Flannery O'Connor and the Christ-Haunted South, by Ralph C. Wood. Grand Rapids: William B. Eerdmans, 2004, xii + 272 pages, $15.00, paper.

Ralph Wood's Flannery O'Connor and the Christ-Haunted South reads much like O'Connor's fiction—jarring, uncomfortable at times, penetrating, powerful, and nearly impossible to put down. The book is a study of O'Connor's work as it bears on the life of the contemporary church and one of its regional cultures, the South. Wood's premise is that O'Connor's literature has supreme value for the church because in it "she was willing to slay certain things that seem to be good—the seemingly necessary modifications of the gospel that would make it fit modern needs and thus ensure its success" (11).

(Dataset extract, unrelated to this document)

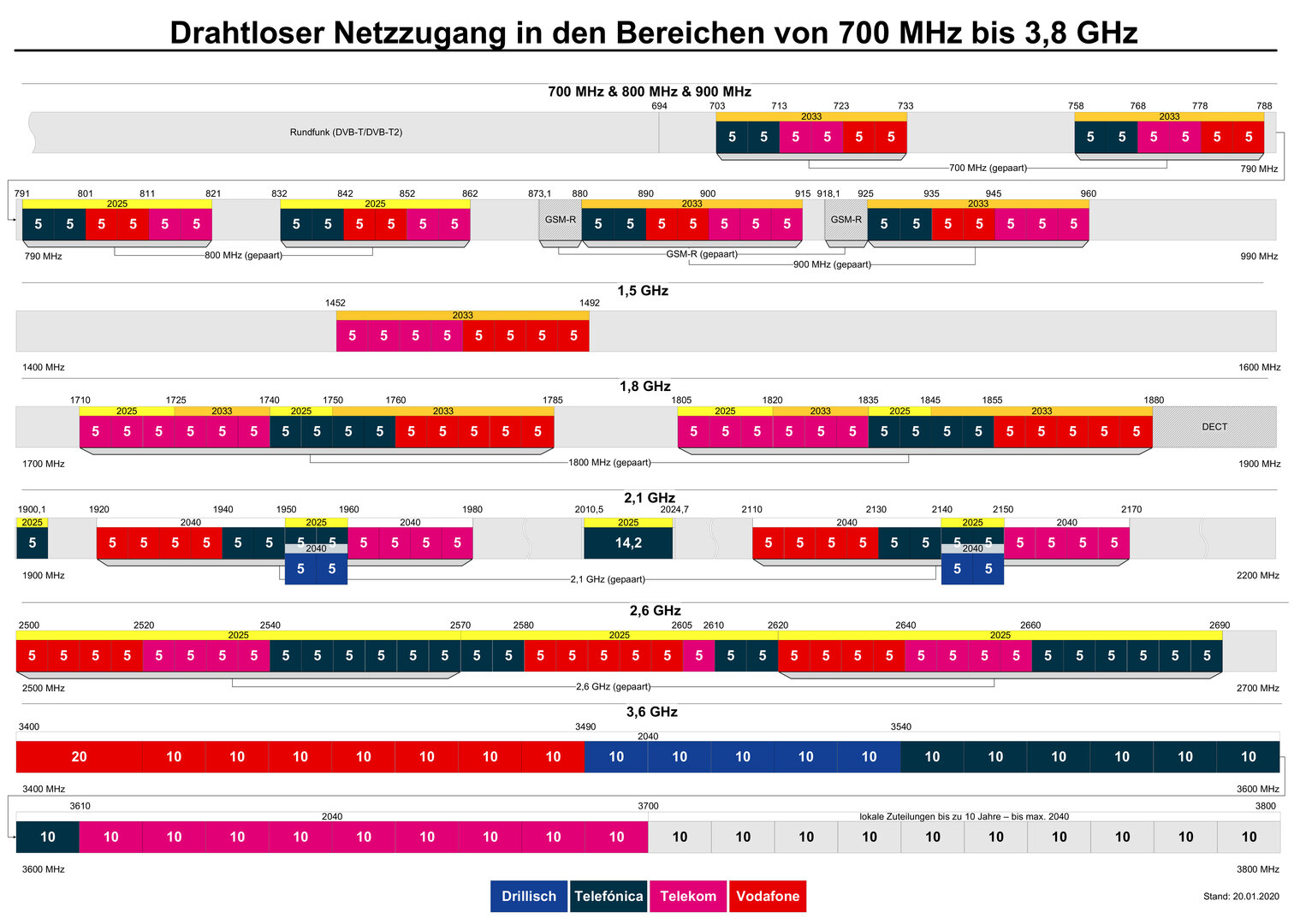 Derzeitige Mobilfunkfrequenzen in Deutschland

Wood argues that O'Connor was attracted to writing about her native South for the same reason that H. L. Mencken ridiculed it as the "Bible Belt"—Southerners still took God and religion seriously. The title of the book comes from O'Connor's often repeated words: the South, while hardly Christ-centered, "is most certainly Christ-haunted" (37). For O'Connor a person could scarcely live in the South without being affected by Christianity—usually of a fundamentalist Protestant stripe. Even for those hostile to Christianity, or for the nominal Christian, Southern culture is permeated by Christ. O'Connor thought such a Christ-haunted region was preferable to the alternative, but she was not naive about its weaknesses. She exposed over righteous unbelievers, who turned against the church, as well as smug half-believers, which were no believers at all. Consequently, according to Wood, her work "constitutes a massive assault on Christian presumption, even as it serves as a splendid summons to skeptics, half-believers, and unbelievers alike to join the glad way of the gospel" (x).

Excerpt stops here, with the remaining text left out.